Bus Assignments Need Work

Many years ago I had a close family friend who drove for the Southern California Rapid Transit District. It was not uncommon for the RTD to put a 30-foot bus on a route that should have nothing but a 40-foot bus and would have 40-foot buses on a route that should have only 30 foot buses.

The problem at the time was that the RTD had such a diverse fleet, many different types of buses, from many different sources so it was difficult for them to insure the right bus was on the right line. Of course this was in the days before they high tech computers of today.

Today UTA has a much more standardized fleet than the RTD back in the late 70's early 80's, but seems to have the same trouble with assigning buses even with the advent of computers.

A perfect example of this is route 22. This route is one of the busier routes the UTA has, yet many times it is assigned 35-foot low floor buses. It is bad enough that the low floor buses reduces seating capacity, then you add the fact that you are using a smaller bus often leads to standing room only on the route north of 3300 South. I can see running low floors on this route but they should only have 40-foot buses on this route.

There is no reason why this cannot be done.

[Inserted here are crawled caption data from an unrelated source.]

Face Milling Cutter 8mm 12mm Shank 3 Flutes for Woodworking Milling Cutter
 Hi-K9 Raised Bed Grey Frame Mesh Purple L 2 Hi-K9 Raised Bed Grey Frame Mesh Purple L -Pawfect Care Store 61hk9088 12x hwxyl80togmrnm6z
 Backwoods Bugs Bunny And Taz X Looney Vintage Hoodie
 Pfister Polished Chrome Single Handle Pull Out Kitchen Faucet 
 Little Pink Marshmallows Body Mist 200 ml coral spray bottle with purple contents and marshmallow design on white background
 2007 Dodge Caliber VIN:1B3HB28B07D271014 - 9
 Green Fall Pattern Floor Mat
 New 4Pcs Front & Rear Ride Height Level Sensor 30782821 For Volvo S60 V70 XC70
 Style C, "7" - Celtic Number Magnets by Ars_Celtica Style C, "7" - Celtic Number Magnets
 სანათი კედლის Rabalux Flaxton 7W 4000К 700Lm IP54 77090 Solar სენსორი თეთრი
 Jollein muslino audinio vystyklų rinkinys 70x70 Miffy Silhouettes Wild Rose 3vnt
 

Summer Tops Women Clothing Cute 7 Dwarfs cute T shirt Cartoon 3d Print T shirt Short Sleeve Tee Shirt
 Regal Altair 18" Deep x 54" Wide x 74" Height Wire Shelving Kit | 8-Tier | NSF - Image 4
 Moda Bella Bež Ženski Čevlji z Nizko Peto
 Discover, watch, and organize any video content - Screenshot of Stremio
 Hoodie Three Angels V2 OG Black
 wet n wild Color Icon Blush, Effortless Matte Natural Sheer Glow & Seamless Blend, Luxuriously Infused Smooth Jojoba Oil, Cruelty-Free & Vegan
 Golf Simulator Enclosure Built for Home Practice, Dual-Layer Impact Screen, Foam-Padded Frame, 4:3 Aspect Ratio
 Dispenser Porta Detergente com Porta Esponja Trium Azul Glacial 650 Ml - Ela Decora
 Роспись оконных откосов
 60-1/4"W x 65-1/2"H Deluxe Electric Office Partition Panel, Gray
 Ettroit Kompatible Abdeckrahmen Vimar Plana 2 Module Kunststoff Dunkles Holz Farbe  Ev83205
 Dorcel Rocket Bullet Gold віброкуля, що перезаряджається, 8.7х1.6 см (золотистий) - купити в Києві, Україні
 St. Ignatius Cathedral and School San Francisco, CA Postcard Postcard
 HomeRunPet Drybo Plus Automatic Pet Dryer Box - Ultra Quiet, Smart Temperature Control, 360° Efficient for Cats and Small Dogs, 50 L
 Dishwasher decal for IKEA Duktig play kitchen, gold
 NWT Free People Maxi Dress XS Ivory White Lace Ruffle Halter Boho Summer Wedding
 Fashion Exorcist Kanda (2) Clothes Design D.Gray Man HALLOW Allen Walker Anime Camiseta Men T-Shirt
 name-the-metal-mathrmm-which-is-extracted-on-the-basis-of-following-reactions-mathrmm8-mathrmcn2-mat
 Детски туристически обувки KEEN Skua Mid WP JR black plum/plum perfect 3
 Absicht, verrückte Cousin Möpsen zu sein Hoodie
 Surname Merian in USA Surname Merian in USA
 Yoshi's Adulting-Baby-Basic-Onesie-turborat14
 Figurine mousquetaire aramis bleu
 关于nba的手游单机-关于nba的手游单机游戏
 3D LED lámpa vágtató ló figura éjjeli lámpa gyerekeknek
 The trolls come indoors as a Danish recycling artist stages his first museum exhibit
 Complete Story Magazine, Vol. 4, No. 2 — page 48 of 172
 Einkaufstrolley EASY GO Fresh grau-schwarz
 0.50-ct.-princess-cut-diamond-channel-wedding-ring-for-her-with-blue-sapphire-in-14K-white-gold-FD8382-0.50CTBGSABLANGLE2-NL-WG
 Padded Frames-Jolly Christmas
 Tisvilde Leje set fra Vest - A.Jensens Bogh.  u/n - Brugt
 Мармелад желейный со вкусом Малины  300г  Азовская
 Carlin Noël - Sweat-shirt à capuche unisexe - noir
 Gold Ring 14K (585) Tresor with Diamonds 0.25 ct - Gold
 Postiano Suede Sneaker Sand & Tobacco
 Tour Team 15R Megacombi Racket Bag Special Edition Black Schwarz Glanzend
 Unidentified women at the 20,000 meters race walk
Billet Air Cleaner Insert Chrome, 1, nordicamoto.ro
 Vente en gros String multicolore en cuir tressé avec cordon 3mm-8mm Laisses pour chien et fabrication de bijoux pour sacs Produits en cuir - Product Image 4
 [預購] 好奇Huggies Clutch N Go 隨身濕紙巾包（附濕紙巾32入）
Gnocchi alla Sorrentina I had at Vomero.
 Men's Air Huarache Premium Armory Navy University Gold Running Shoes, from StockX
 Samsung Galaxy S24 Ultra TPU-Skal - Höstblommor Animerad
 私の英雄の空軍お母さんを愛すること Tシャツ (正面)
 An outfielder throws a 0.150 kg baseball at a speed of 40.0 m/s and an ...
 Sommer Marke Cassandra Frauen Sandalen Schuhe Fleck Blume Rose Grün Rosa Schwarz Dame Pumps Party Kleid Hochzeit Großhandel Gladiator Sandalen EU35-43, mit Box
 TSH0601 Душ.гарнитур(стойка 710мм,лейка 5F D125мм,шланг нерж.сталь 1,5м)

In fact if you ride the same route every day you will find that often you will ride the same bus number every day. When I road the route 24, I road the same Orion V buses on the regular basis. The other bus I rode was usually assigned bus 9222. So why can't they make sure the routes that need the 40-footers have them?

The situation is gets more ridiculous when there is special events going on. When the American Public Transit Association had there national meeting in Salt Lake, a rodeo was held for bus drivers across the country. Many of the newest Gillig Advantages was pulled from revenue service carrying their customers and used them instead for the rodeo. During this time I rode another very bus route line 37 which runs to Magna. This is another route that runs with standing loads on many runs. Because they wasted buses on the rodeo, they had to assign 35-foot ski buses to this tripper. Not only is the bus smaller but several sets of seats are removed for ski's.

Why? They wanted to show off for APTA and showed how they could care less about their customers that ride with them every day. Why couldn't the rodeo use the ski buses which are sitting anyway? It would make much more sense to use the ski buses on the rodeo and keep the other buses on their regular assignments for their PAYING customers.

The sad thing is that UTA is one of the better transit agencies when treating the customer. However, it is clear that there still needs to be changes at UTA to make it more customer friendly. If it is going to attract the option riders, UTA needs to reinvent is service.